Stephen Wright
Dow Jones Newswires
26 Nov 05
Foreign media have been cowed by fear of lawsuits from Singapore’s leadership and censor their reports on the city-state, helping to prop up a regime that restricts freedom of speech and assembly, an opposition leader said Friday.
Chee Soon Juan, leader of the Singapore Democrat Party and longtime critic of the city-state’s ruling People’s Action Party, said Singapore-based foreign media are engaging in “self censorship” by shying away from sensitive issues.
In the past few years, some foreign news organizations have paid large fines in legal settlements or had their circulation restricted in Singapore. Affected publications or organizations include the Economist, Bloomberg LP, The Asian Wall Street Journal and The Far Eastern Economic Review.
The Wall Street Journal and its regional editions and The Far Eastern Economic Review, along with this and other newswires, are published by Dow Jones & Company (DJ).
Singapore says foreign media are welcome in Singapore but must respect local sensitivities and not interfere in local politics.
Last week, Singapore Prime Minister Lee Hsien Loong said on the sidelines of the Asia-Pacific Economic Cooperation forum in Busan, South Korea, that hundreds of magazines are available in Singapore, the Internet is easily available and many international media organizations have offices there.
“If you’re reporting the facts, you have nothing to fear,” Lee said, according to the Associated Press. “All we ask is the right to put our position on the record.”
The city-state was recently ranked near the bottom of an international press freedom index compiled by Reporters Without Borders, behind countries such as Sudan and Ethiopia.
Fair and balanced reporting on Singapore is being “slowly choked,” with news outlets afraid of financial penalties, such as restrictions on circulation, if they offend the government, Chee said.

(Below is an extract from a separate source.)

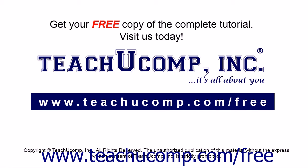Get your free copy of the complete tutorial at www.teachucomp.com/free.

The international media companies, many of which have regional headquarters in Singapore, should “rethink” whether they want to operate here, Chee said.

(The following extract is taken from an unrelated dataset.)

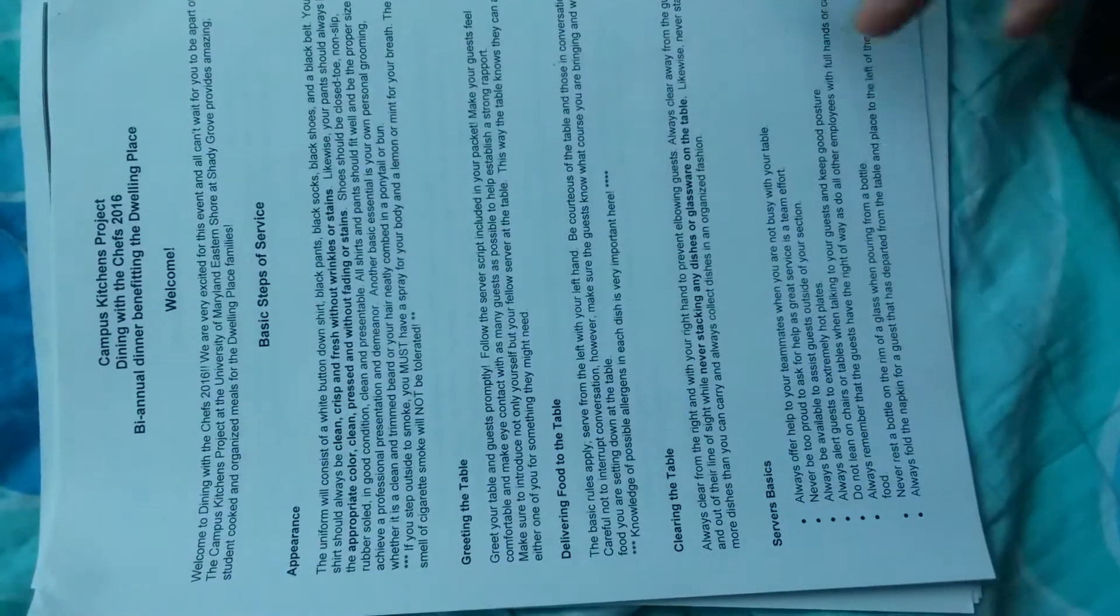Everybody will get the same packet with information on how to create a table, load food to a table, clear a table, and the basics of what a banquet server does. Don't lean on chairs or tables.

Singapore’s world-class infrastructure and reputation for stability need to be balanced against the fact that its government is a “regime that brooks no dissent,” he said.
Singapore, one of the wealthiest nations in Asia, prides itself on being an oasis of stability and efficiency in a crisis-prone region, but the current government, in power for over four decades, maintains strict control over its citizens.

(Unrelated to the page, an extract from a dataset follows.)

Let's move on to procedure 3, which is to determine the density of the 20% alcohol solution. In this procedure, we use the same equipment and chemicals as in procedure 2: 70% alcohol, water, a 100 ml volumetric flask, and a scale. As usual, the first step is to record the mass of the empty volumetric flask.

Local media toe the government line. Public protests of five or more people require a permit, and some high-profile dissenters have been sued for defamation and bankrupted.
Chee himself faces bankruptcy after a court awarded modern Singapore’s founding father, Lee Kuan Yew, and former Prime Minister Goh Chok Tong some S$500,000 in defamation damages for comments Chee made during the 2001 election campaign.
Chee, a former lecturer in neuropsychology, was sacked from his teaching job at the National University of Singapore in 1993 after he joined the opposition.
He contested his dismissal, which was made on grounds of dishonest behavior, and was sued by university officials for defamation, paying out S$300,000.
Singapore cannot become a fully fledged democracy until it has freedom of speech, assembly and the media, Chee said.
While freedom of assembly and speech could be achieved domestically by defying bans on public protests and gatherings, freedom of the media will never be achieved without pressure from the international community, he said.
Prime Minister Lee’s “rhetoric” that Singapore is becoming a more open society doesn’t live up to the reality, Chee said.
He pointed to the recent arrest of four people engaged in a peaceful protest for more transparency from government organizations, and the ongoing police investigation into Martyn See, the maker of Singapore Rebel, a documentary about Chee.